SYSTÈMES ET POPULISMES !
Ce qu’on appelle aujourd’hui laborieusement le « système », sans jamais le définir, est souvent un fourre-tout politique, théorique, idéologique et social. D’où la nécessité de clarifier certains aspects théoriques et historiques de ce concept.
Ce qu’on appelle aujourd’hui laborieusement le « système », sans jamais véritablement le définir, est souvent un fourre-tout politique, théorique, idéologique et social. D’où la nécessité de clarifier certains aspects théoriques et historiques de ce concept, d’identifier les mouvements politiques et sociaux communément appelés mouvements « anti- systèmes » ou « populistes »; ce qu’ils sont réellement au-delà des proclamations et pétitions de principes, d’essayer de comprendre leurs projets et de faire des projections sur leurs avenirs .
De l’évolution historique des systèmes
Le système, pour parler de lui, n’est pas tombé du ciel ; c’est un fait social et historique, une création des hommes, animée et dirigée par eux. Aucun système n’est mauvais en soi et dans l’absolu ; tout système social correspond à une forme nécessaire et rationnelle d’organisation et de fonctionnement des sociétés humaines à un moment historique déterminé. C’est l’usage que font les hommes du système qui le pervertit ou le bonifie ! L’Afrique du Sud après Mandela, avec l’ANC, mouvement d’obédience communiste-socialiste et dirigée par les présidents noirs qui lui ont succédé, est de l’avis quasi unanime, plus corrompue et plus inégalitaire aujourd’hui que sous le système de l’Apartheid !

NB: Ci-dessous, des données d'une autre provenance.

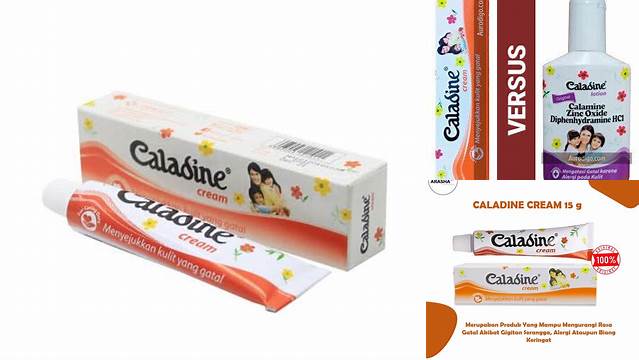 Temukan Manfaat Caladine Cream yang Jarang Diketahui, Raih Kulit Sehat Sempurna!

Toutes les formes d’organisation humaine, après les communautés primitives, sont des systèmes parce qu’elles obéissent à des règles et des mécanismes de fonctionnement et de reproduction basés sur l’inégalité, la hiérarchie et l’ordre.

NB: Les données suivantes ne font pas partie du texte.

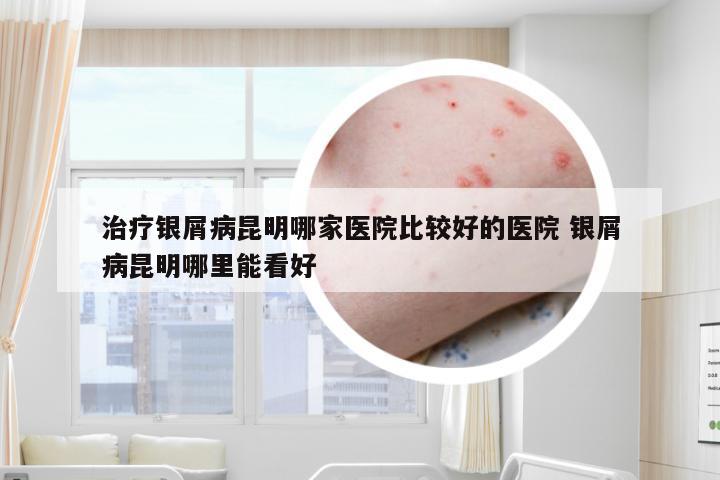 治疗银屑病昆明哪家医院比较好的医院 银屑病昆明哪里能看好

Au début étaient les sociétés barbares reposant sur la loi du plus fort, la force, la violence et la domination ; ensuite, de manière plus civilisée et subtile, les sociétés féodales avec leurs ordres et privilèges ; puis le capitalisme, qui consacre juridiquement la liberté et l’égalité et privilégie le travail et le mérite individuels comme seuls critères d’accomplissement social. Ces systèmes que je viens d’évoquer sont socialement typés avec des classes et couches dominantes qui règnent sur la grande masse. Ces systèmes sont consacrés, garantis et défendus par l’État grâce à sa force armée et sa justice, en tant qu’institution dominante dotée d’un pouvoir de contrainte, voire de répression. L’État impose par la loi et la violence légale( forces de l’ordre ), l’ordre établi par les classes dominantes du système socio-politique. Cependant, les systèmes ne se réduisent pas uniquement à l’État et à ses institutions ; ils se retrouvent dans des sous-systèmes que sont toutes les formes d’organisations sociales et religieuses dans lesquelles des pouvoirs, des intérêts et des privilèges sont en jeu.
Avec l’évolution du système capitaliste, qui domine le monde depuis le XVIIIe siècle et qui est devenu capitalisme-impérialisme au début du XXe siècle, malgré les poussées fulgurantes du communisme-socialisme au début du XXe siècle (avec la Révolution russe d’octobre 1917, la Révolution chinoise en 1949, la naissance du Bloc de l’Est après la Seconde Guerre mondiale, les révolutions dans le Tiers Monde avec l’Inde, l’Iran, l’Indochine, Cuba, etc.), le système capitaliste est pour l’essentiel restauré au plan économique, tout au moins dans les pays anciennement socialistes et communistes (économie de marché dominante, appropriation privée des moyens de production combinée à un capitalisme d’État, forte insertion dans le marché capitaliste mondial des biens, services et capitaux). Le système capitaliste mondial, devenu unipolaire autour des États-Unis après la chute du Bloc de l’Est au début des années 1990, est rigoureusement contesté par la Chine, la Russie, l’Inde et certains pays émergents regroupés sous le vocable de BRICS.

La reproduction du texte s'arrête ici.